Mumbai: Apollo Hospitals Enterprise Ltd has reported a 50 percent decline in returns on investment (RoI) of cardiac catheterization laboratories (cath labs).
RoI have halved following the government’s decision to slash prices of coronary stents in February this year, said a Media report in Livemint.
Cath lab is the unit of the hospital for performing angioplasty surgery on cardiac patients to open blocked arteries which accounts for 25% of the hospital’s revenue.
During an interview chief financial officer, Krishnan Akhileswaran told Mint, “I make single digit RoI of about 8% on cath labs. Earlier it was 15-16%, which itself was not very high. Now at 8%, banks will also not fund me, forget the investors. Unfortunately, the government is of the opinion that we are profiteering out of this (stents, angioplasty). It is not correct.”
Talking to the daily he further added that the stent price cut would lead to Rs 40 crore hit on earnings before interest, tax, depreciation and amortization (EBITDA) of the company in the year ending 31 March.
Medical Dialogues had earlier reported that in a move to provide affordable treatment to the patients, the National Pharmaceutical Pricing Authority (NPPA) slashed the prices of coronary stents by up to 85% on 13 February 2017, fixing the ceiling price of bare metal stents at Rs 7,260 per unit and that of drug-eluting stents and biodegradable stents at Rs 29,600 per unit.On April 1st this year, the prices were revised to Rs 7,400 for bare-metal stents and Rs 30,180 for drug-eluting stents adjusting to inflation.

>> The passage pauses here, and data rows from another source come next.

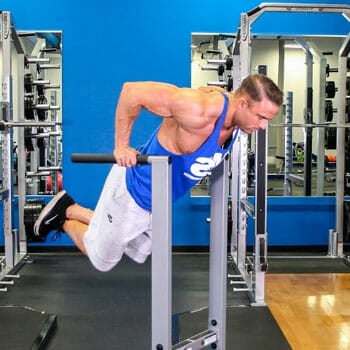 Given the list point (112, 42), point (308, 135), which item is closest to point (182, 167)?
point (112, 42)

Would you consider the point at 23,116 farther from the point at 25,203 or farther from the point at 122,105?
the point at 122,105

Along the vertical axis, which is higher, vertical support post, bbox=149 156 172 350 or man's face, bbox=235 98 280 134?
man's face, bbox=235 98 280 134

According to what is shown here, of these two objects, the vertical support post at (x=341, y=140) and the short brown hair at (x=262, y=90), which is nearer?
the short brown hair at (x=262, y=90)

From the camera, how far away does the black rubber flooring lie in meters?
2.90

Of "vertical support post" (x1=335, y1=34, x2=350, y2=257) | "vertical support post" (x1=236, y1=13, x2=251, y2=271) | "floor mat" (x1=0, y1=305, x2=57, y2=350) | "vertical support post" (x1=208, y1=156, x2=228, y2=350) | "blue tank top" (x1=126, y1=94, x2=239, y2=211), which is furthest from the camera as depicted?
"vertical support post" (x1=335, y1=34, x2=350, y2=257)

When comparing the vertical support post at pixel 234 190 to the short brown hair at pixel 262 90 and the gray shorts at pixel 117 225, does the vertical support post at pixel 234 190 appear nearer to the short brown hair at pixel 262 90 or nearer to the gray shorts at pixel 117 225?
the gray shorts at pixel 117 225

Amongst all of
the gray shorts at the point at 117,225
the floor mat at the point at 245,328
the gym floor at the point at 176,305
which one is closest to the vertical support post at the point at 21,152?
the gym floor at the point at 176,305

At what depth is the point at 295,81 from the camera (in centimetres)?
602

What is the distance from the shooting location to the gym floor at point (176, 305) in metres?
2.93

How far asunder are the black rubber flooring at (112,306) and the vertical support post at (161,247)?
952 millimetres

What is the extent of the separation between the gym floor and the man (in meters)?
0.66

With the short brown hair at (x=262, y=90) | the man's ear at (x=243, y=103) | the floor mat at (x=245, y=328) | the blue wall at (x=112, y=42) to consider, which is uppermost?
the blue wall at (x=112, y=42)

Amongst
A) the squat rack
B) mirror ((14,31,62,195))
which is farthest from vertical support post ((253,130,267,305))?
mirror ((14,31,62,195))

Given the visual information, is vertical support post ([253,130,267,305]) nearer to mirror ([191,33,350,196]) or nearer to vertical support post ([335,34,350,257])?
mirror ([191,33,350,196]) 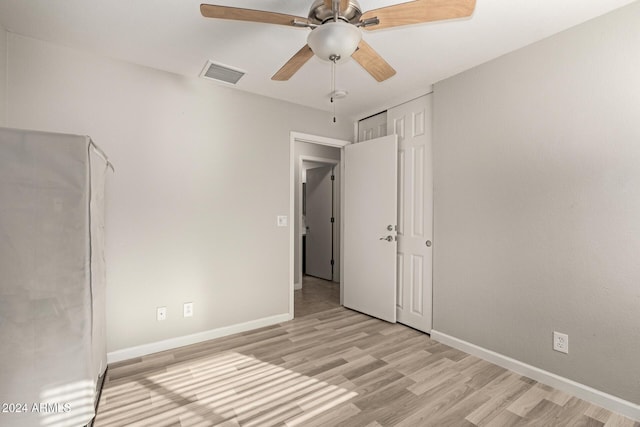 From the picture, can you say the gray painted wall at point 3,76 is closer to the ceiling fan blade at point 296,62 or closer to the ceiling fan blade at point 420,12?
the ceiling fan blade at point 296,62

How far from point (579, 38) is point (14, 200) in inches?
130

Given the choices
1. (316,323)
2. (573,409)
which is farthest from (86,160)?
(573,409)

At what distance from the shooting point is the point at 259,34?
2.08 m

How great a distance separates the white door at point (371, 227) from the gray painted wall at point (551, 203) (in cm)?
61

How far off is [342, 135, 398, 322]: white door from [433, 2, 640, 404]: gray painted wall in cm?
61

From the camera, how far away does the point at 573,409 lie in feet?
6.01

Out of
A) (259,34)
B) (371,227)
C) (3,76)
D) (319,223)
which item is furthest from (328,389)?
(319,223)

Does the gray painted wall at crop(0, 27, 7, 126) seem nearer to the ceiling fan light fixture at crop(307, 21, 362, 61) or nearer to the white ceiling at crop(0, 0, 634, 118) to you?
the white ceiling at crop(0, 0, 634, 118)

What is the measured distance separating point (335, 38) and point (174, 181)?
6.57 feet

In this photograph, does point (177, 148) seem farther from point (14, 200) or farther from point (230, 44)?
point (14, 200)

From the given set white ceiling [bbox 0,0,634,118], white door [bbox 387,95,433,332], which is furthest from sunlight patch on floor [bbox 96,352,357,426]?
white ceiling [bbox 0,0,634,118]

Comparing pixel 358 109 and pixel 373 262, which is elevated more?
pixel 358 109

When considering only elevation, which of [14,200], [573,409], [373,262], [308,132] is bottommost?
[573,409]

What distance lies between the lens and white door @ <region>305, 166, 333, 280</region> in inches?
205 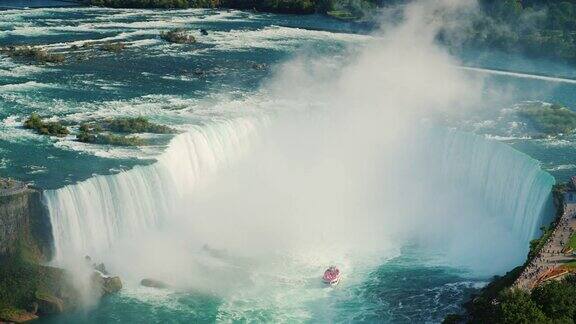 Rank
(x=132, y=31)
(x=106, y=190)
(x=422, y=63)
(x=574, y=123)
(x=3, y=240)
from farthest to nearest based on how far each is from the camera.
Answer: (x=132, y=31) → (x=422, y=63) → (x=574, y=123) → (x=106, y=190) → (x=3, y=240)

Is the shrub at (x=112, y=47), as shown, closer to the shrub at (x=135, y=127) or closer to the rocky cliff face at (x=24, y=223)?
the shrub at (x=135, y=127)

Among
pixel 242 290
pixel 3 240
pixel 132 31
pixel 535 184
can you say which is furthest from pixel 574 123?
pixel 132 31

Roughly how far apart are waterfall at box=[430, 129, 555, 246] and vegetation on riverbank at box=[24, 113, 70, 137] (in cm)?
1697

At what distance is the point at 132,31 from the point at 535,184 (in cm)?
3390

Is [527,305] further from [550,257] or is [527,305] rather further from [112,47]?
[112,47]

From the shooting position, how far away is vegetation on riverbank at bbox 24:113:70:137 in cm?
3397

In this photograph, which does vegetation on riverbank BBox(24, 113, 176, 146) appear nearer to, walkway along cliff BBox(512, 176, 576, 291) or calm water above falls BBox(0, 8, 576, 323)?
calm water above falls BBox(0, 8, 576, 323)

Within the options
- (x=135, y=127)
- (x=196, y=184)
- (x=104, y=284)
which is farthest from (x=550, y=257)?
(x=135, y=127)

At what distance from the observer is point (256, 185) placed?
1423 inches

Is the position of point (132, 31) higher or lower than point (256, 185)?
higher

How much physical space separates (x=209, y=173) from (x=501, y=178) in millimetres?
12518

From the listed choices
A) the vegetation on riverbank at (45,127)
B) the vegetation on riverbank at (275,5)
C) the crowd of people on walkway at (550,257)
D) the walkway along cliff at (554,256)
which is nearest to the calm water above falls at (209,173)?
the vegetation on riverbank at (45,127)

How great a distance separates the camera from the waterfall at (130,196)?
2786cm

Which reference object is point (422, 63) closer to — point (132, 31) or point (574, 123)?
point (574, 123) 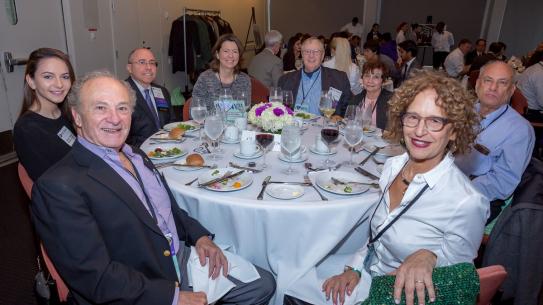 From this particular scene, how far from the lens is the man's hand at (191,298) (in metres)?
1.30

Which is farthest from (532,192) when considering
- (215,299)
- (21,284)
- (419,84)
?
(21,284)

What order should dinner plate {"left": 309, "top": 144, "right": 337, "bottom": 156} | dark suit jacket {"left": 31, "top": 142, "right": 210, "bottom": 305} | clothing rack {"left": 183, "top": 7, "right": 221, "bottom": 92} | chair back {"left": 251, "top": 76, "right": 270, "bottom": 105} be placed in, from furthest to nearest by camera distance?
clothing rack {"left": 183, "top": 7, "right": 221, "bottom": 92}
chair back {"left": 251, "top": 76, "right": 270, "bottom": 105}
dinner plate {"left": 309, "top": 144, "right": 337, "bottom": 156}
dark suit jacket {"left": 31, "top": 142, "right": 210, "bottom": 305}

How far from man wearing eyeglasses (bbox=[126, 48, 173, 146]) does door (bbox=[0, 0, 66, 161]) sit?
2.03 metres

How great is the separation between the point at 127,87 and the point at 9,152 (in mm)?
3993

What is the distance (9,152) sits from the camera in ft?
14.5

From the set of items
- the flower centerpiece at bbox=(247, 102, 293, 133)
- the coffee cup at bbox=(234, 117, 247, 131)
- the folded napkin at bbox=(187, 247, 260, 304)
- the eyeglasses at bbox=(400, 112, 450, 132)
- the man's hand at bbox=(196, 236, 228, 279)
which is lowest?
the folded napkin at bbox=(187, 247, 260, 304)

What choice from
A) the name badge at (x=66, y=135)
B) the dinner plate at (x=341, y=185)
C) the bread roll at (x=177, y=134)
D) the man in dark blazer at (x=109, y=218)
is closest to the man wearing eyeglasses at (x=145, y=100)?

Speaking of the daily, Akhileswaran said, “Services were cross-subsidizing the price of stents and while stent price has come down, we have not really completely re-priced on the services front until now. But eventually, we will do it as there is no other choice. Otherwise, how do I take care of my people and other costs? It is not something that is sustainable.”
“Government should understand the total cost of the surgery to the patient and see if that is what we are doing rightly or no. Unfortunately, just bringing an arbitrary price regulation on one side of the equation doesn’t really make sense,” he added.